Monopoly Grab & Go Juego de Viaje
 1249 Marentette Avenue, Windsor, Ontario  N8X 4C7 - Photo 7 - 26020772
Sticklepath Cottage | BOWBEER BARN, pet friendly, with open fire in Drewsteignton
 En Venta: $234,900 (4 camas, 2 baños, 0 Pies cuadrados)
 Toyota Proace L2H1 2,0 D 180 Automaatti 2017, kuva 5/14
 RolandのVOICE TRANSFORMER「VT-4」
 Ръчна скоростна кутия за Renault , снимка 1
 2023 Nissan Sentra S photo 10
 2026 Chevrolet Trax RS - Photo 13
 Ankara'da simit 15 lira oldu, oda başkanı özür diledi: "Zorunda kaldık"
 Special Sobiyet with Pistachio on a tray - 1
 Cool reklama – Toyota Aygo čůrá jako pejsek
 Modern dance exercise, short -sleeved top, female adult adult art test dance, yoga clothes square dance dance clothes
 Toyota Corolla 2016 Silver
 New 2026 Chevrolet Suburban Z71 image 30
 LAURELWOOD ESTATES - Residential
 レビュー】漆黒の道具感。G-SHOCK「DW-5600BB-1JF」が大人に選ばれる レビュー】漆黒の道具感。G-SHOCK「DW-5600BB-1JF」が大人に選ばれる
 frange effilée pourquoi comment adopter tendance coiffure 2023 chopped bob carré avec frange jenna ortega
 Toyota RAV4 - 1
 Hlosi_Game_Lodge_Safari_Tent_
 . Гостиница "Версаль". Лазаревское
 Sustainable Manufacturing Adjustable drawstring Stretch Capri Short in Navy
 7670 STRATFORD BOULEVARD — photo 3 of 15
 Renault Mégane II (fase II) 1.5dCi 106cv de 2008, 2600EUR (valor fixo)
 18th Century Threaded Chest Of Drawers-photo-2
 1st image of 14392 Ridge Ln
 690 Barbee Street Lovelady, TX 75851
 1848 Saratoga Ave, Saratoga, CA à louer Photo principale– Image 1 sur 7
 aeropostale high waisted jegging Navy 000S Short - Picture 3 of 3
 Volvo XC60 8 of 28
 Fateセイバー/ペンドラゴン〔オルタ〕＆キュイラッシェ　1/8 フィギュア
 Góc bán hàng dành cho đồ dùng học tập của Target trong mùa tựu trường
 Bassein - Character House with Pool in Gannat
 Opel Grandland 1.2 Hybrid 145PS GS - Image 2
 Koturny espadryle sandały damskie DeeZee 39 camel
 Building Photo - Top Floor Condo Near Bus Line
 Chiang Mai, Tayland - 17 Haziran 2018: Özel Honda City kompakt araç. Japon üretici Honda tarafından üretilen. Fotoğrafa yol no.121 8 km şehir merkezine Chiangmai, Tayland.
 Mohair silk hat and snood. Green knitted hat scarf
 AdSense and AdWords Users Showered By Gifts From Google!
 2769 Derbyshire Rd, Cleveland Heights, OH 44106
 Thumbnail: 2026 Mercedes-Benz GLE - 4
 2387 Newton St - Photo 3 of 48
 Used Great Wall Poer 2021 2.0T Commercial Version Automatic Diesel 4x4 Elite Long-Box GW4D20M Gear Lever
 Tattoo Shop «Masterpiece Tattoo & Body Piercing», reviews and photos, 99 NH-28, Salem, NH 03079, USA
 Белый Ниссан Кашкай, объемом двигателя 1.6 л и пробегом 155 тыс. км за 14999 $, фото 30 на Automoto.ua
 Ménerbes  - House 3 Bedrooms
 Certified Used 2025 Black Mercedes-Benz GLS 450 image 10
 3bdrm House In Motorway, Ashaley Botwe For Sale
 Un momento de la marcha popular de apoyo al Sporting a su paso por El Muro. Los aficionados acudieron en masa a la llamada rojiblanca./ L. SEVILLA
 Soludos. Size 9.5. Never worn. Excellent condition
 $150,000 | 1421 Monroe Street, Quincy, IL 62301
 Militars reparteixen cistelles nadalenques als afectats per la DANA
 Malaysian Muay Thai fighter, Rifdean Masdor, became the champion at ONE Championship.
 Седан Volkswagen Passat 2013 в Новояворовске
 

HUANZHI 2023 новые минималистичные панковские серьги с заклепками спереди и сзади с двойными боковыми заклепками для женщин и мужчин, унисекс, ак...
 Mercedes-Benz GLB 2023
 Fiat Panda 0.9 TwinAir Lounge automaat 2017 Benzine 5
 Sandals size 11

What the exercise asks: Look above for the line with "Sustainable Manufacturing Adjustable" and the line with "690 Barbee Street Lovelady, TX 75851", and reproduce exactly those two lines plus every line between, nothing more.

Completed task:
 Sustainable Manufacturing Adjustable drawstring Stretch Capri Short in Navy
 7670 STRATFORD BOULEVARD — photo 3 of 15
 Renault Mégane II (fase II) 1.5dCi 106cv de 2008, 2600EUR (valor fixo)
 18th Century Threaded Chest Of Drawers-photo-2
 1st image of 14392 Ridge Ln
 690 Barbee Street Lovelady, TX 75851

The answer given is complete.